LA RIFORMA PROTESTANTE RIASSUNTO

LA RIFORMA PROTESTANTE RIASSUNTO


LA RIFORMA PROTESTANTE (1517) (integrazione e sintesi)

La Riforma protestante è stata uno degli eventi più importanti dell’età moderna: anzi molti storici
hanno considerato la Riforma come il fenomeno politico e culturale che più di tutti ha caratterizzato la modernità, differenziandola dal passato medioevale. In altre parole, lo spirito moderno della civiltà europea non sarebbe nato senza l’avvento del protestantesimo. Sulle origini e sulle cause della Riforma sono state avanzate tantissime ipotesi, ma probabilmente nessuna di esse, presa singolarmente, può spiegare in maniera esauriente le ragioni che furono alla base del fenomeno politico-religioso. Molto probabilmente bisogna tenere conto di una complessità di fattori che, combinandosi in quel preciso momento e contesto storico, ne provocarono lo sviluppo. Ad esempio sono stati indicati questi fattori:
1) la mancata riforma morale della Chiesa cattolica e quindi la sua corruzione, che sicuramente favorirono lo sviluppo delle teorie luterane (vedi polemica contro la vendita delle indulgenze)
2) la rivendicazione di uno spirito nazionalistico tedesco contrapposto al predominio romano: in altre parole i popoli tedeschi, non costituendo ancora un unico Stato nazionale, videro nelle tesi di Lutero un modo per affermare una propria identità nazionale, culturale e politica, identità che comportava il rifiuto di sottomettersi alla Chiesa di Roma;
3) il desiderio dei principi e degli Stati tedeschi di impossessarsi degli ingenti beni appartenenti alla Chiesa cattolica e di affermare nello stesso tempo la loro totale autonomia dall’Imperatore, considerato il rappresentante del papa;
4) l’esigenza profonda di ritornare ad un cristianesimo puro, spirituale ed interiore, contrapposto all’esteriorità, alla ritualità, ai formalismi e alla mondanità della Chiesa romana.

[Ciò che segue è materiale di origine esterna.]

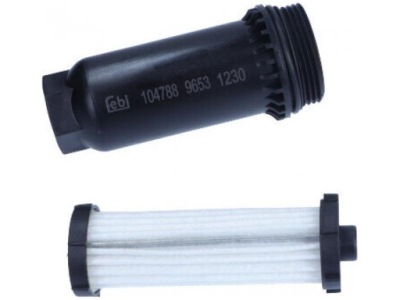 Febi bilstein 104788 фильтр гидравлический, автоматическая коробка передач передач фото №1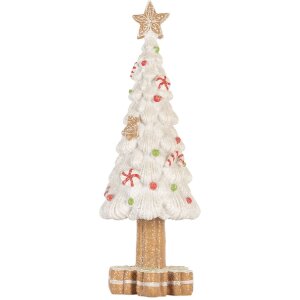 Clayre & Eef Vánoční stromek Ø...
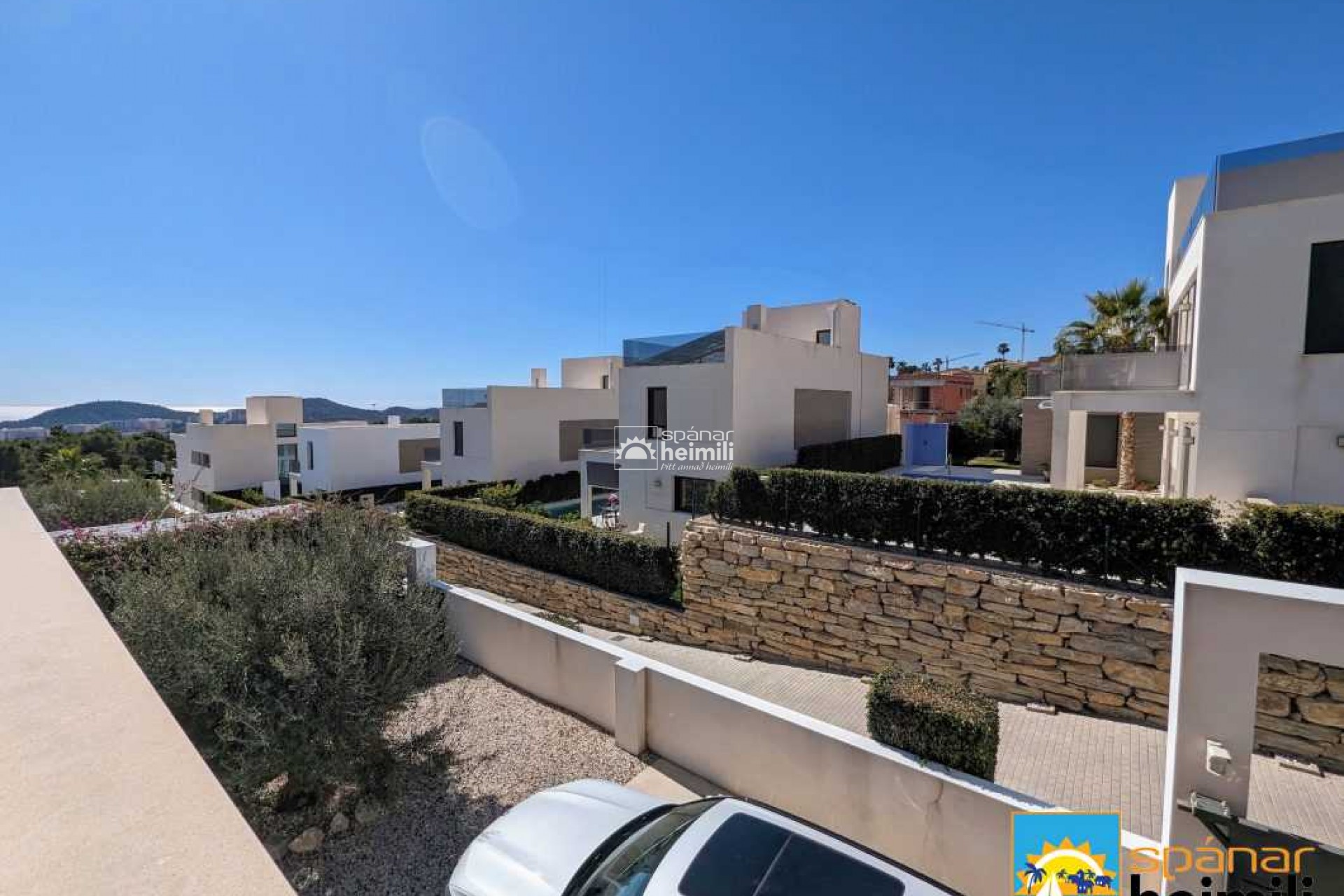 Videresalg - Villa -
Benidorm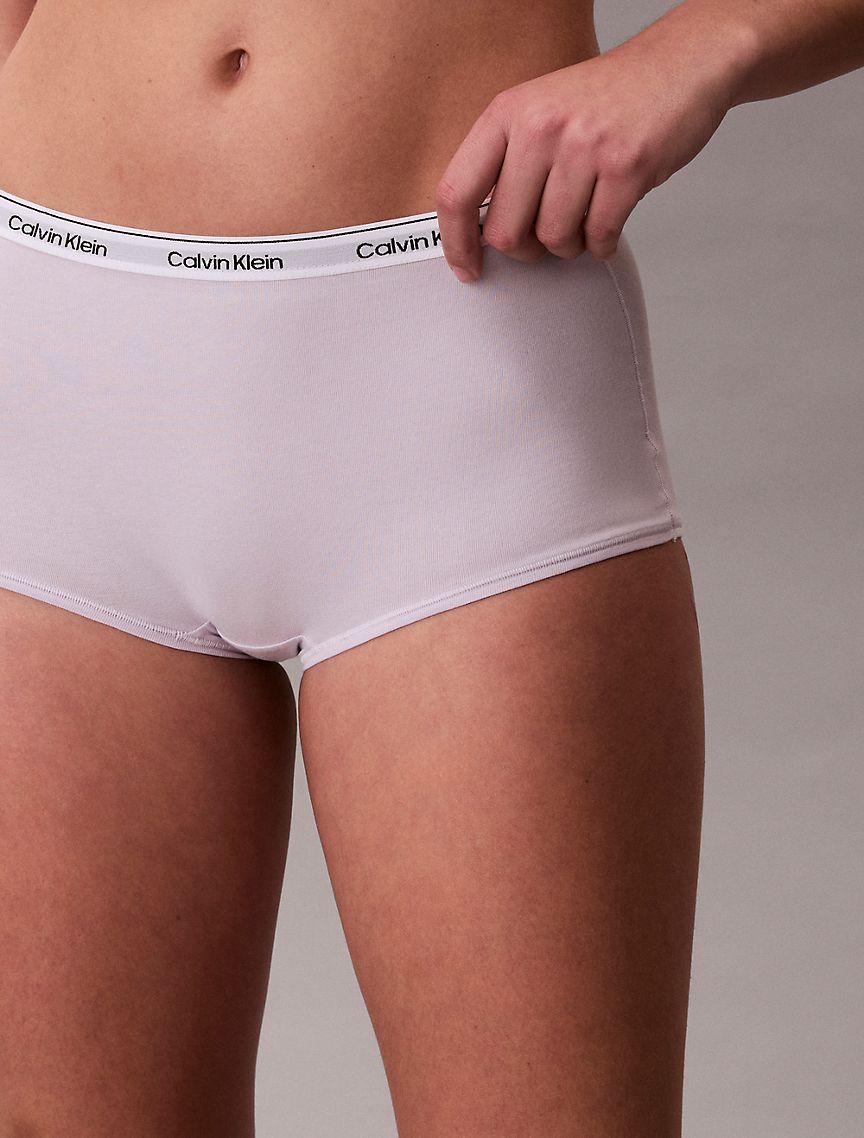Icon Logo Boyshort Product Image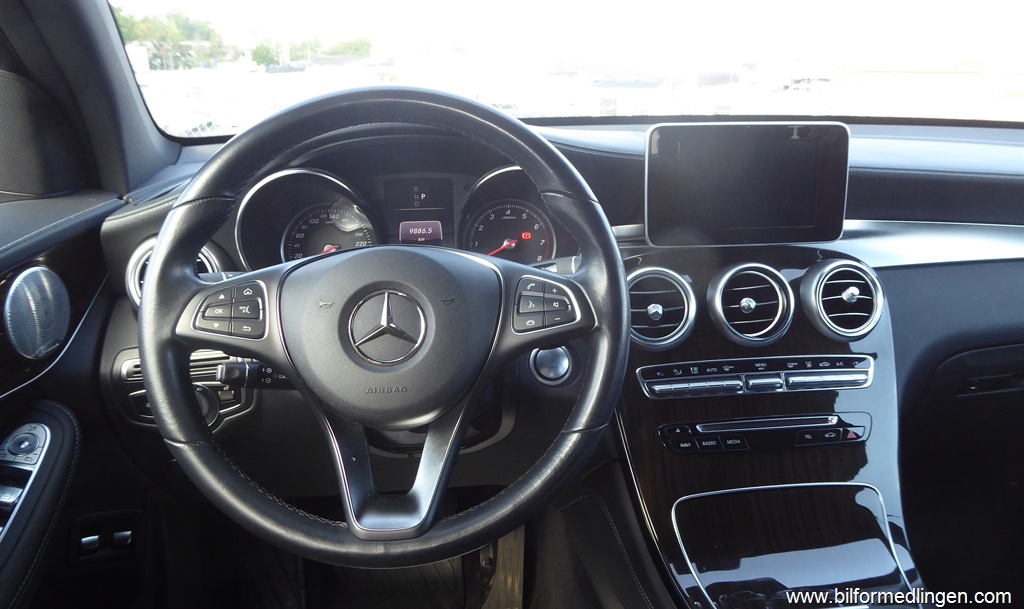 Bild 7 på Mercedes-Benz GLC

Come si diceva, tutti questi elementi, che erano peraltro strettamente connessi tra loro, agirono
simultaneamente e trovarono un terreno favorevole nella situazione politica e sociale tedesca dei
primi decenni del XVI secolo: il concorso di tutti questi fattori determinò quindi il successo duraturo che il movimento promosso da Lutero conobbe, mentre altri analoghi movimenti dei secoli precedenti non avevano trovato condizioni altrettanto favorevoli e concomitanti. Ad esempio le teorie di Lutero non erano molto diverse da quelle di Wycliff e di Huss, eppure la predicazione di questi ultimi non ebbe quegli effetti dirompenti e duraturi che invece provocarono le tesi del monaco tedesco: in Germania quindi si crearono quelle condizioni oggettive che consentirono il verificarsi di una vera e propria rivoluzione religiosa e politica, condizioni che probabilmente erano assenti nella Boemia di Hus e nell’Inghilterra di Wycliff.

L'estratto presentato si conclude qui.